[[ Source material open ]]
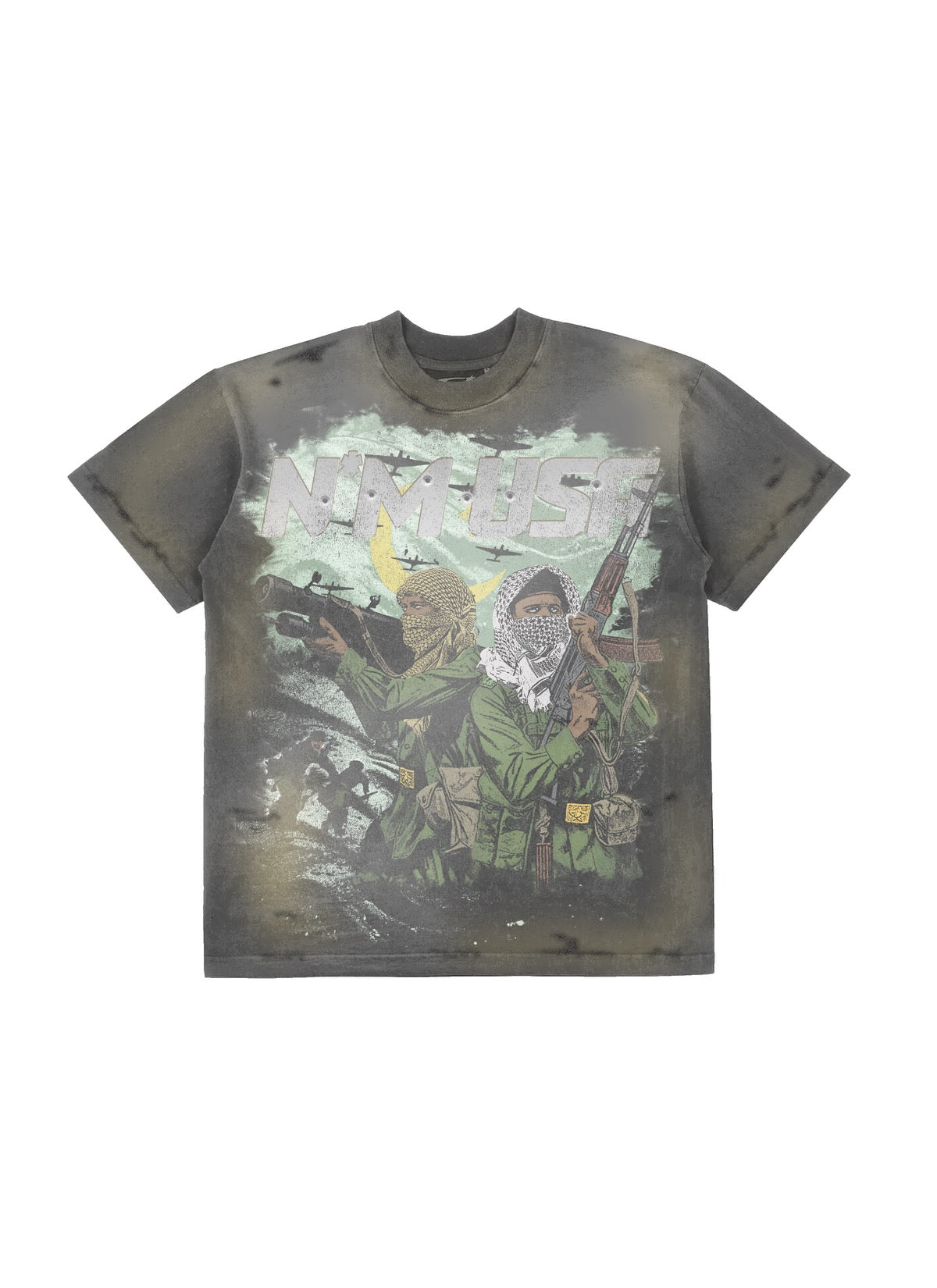 N*M “Bomb Squad” Tee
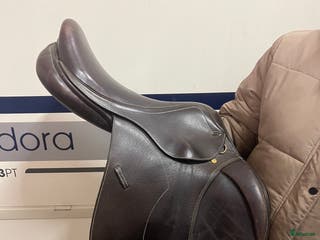 Sadlar hästutrustning Santa Cruz Celine allroundsadel 18” – extra vid i Korskrogen - Annons 12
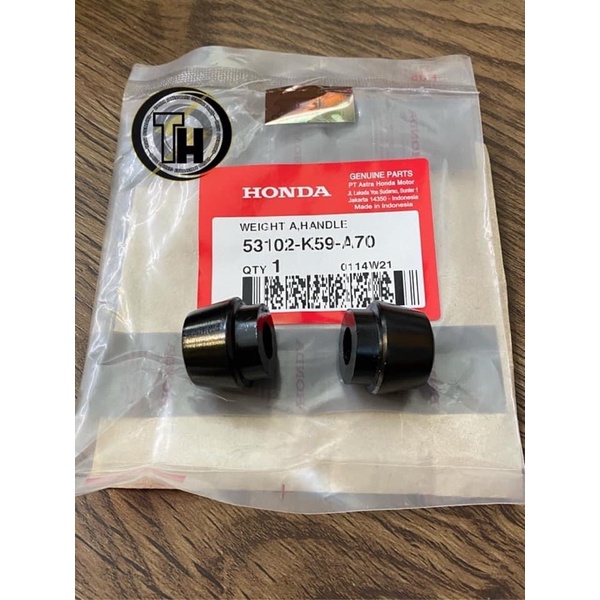 Gù tay lái zin Vario 2018-2021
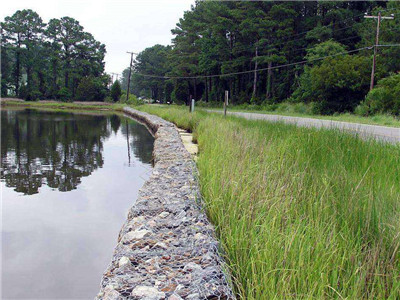 格賓網(wǎng)擋墻圖片2 格賓網(wǎng)擋墻圖片2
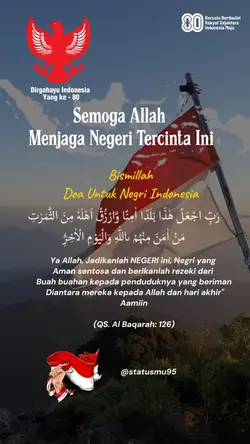 Semoga Allah menjaga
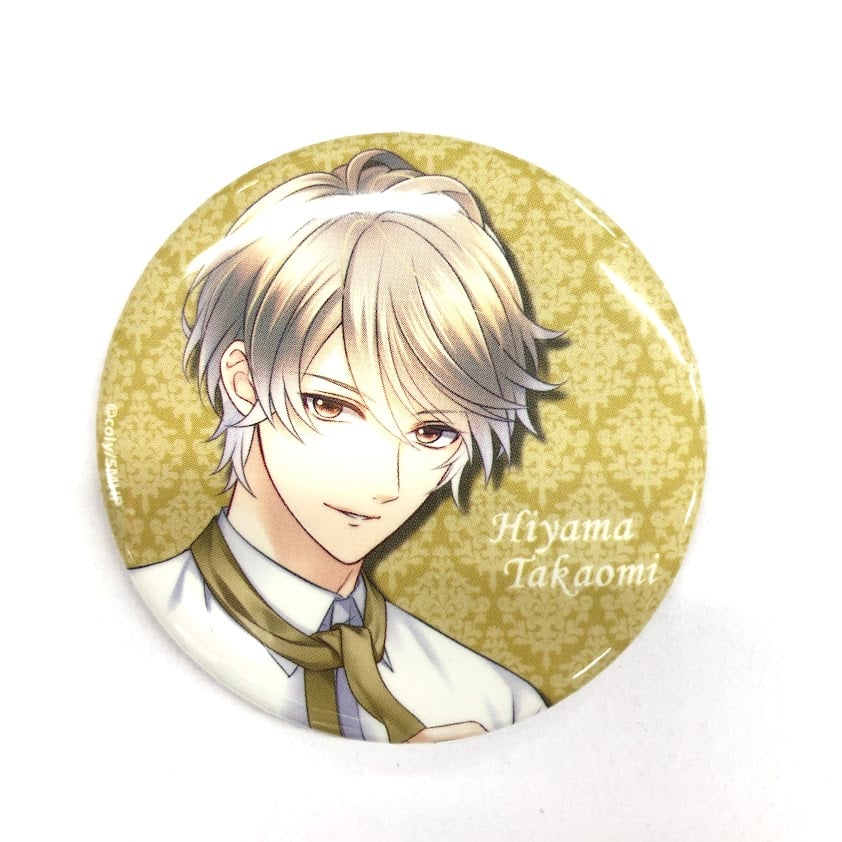 スタマイ POT 円盤特典缶バッジ 桧山貴臣kolor 21AW タートルネック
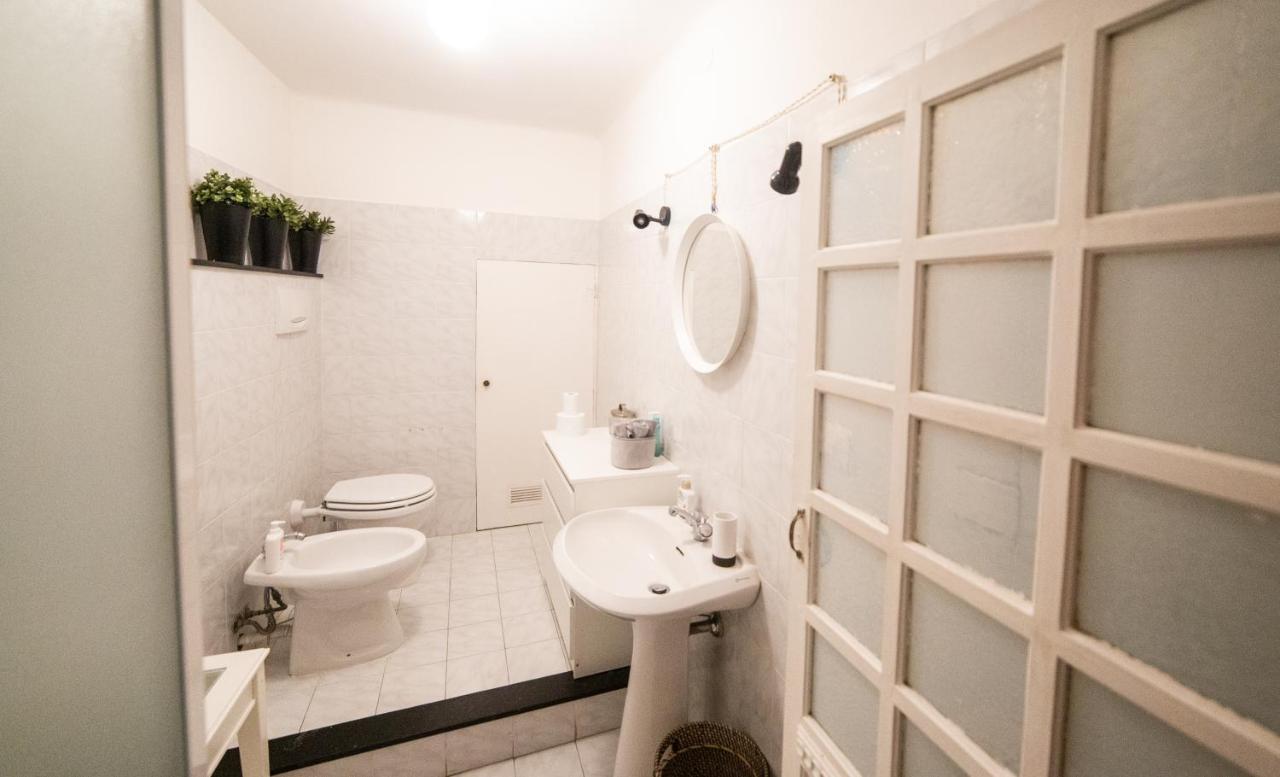 The Apartment Genova Екстер'єр фото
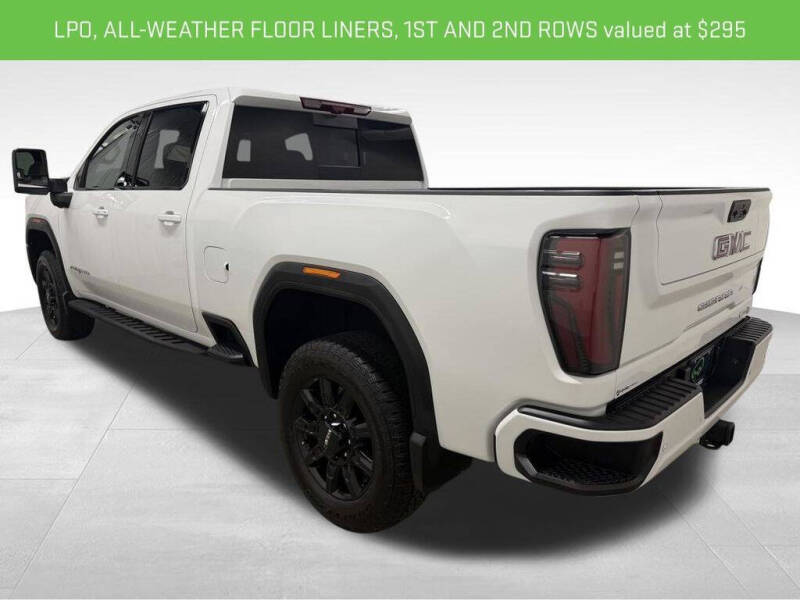 2025 GMC Sierra 2500HD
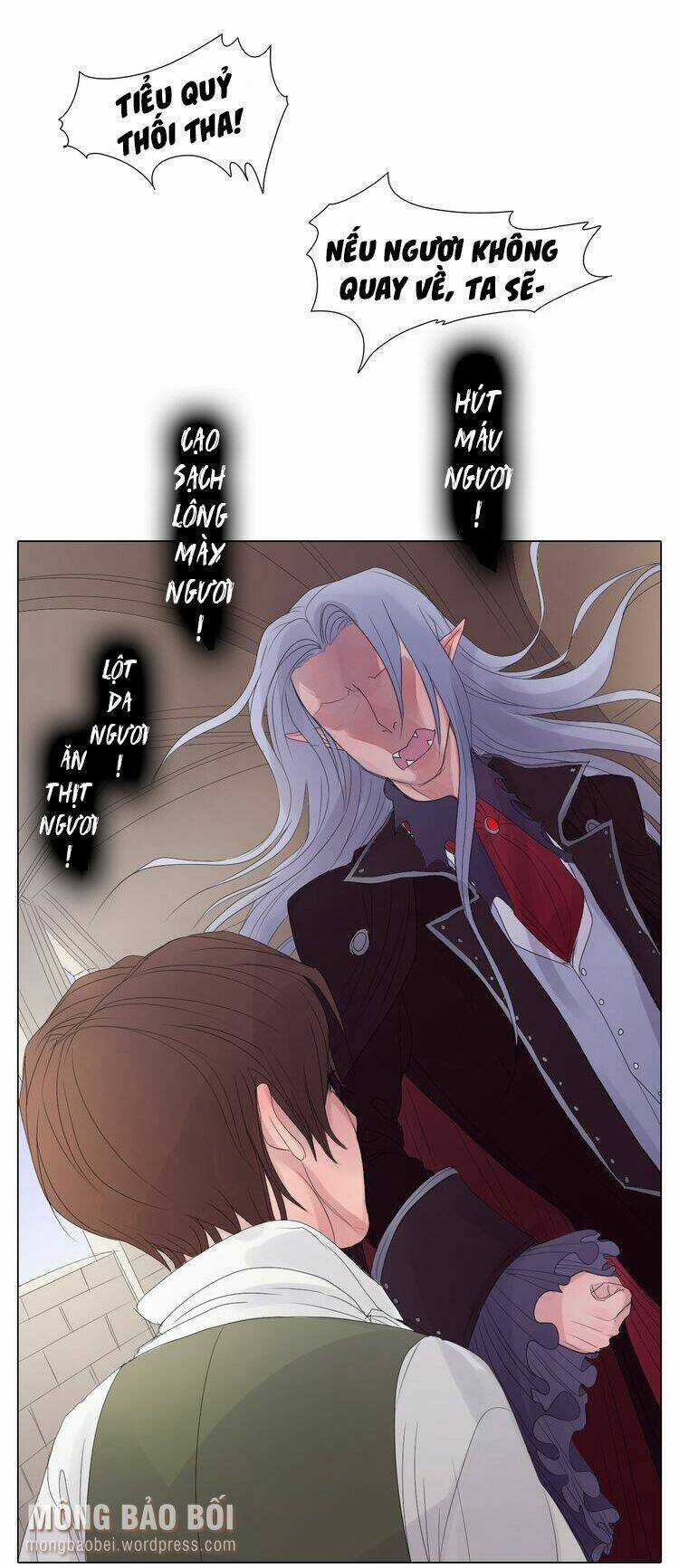 Vampire & Hunter - Chapter 1 - Trang 18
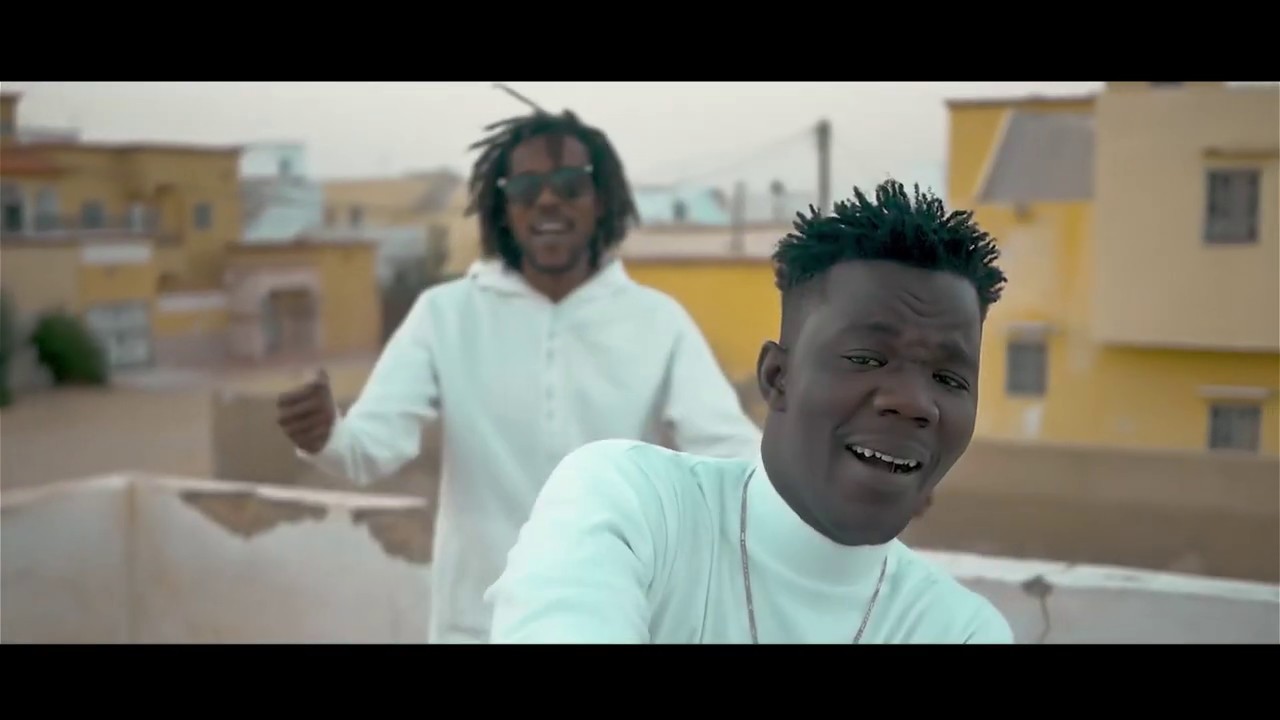 Pti-Mass Feat Ceepee - Domou Ghetto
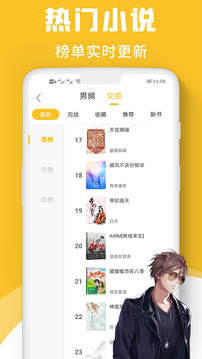 速读小说-图2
[[ Source material closed ]]
§ **Exercise details**
Find the line with "2025 GMC Sierra 2500HD". Reproduce it and every line after it through the last line above exactly, leaving out the pictures.

§ **Finished exercise**
 2025 GMC Sierra 2500HD
 Vampire & Hunter - Chapter 1 - Trang 18
 Pti-Mass Feat Ceepee - Domou Ghetto
 速读小说-图2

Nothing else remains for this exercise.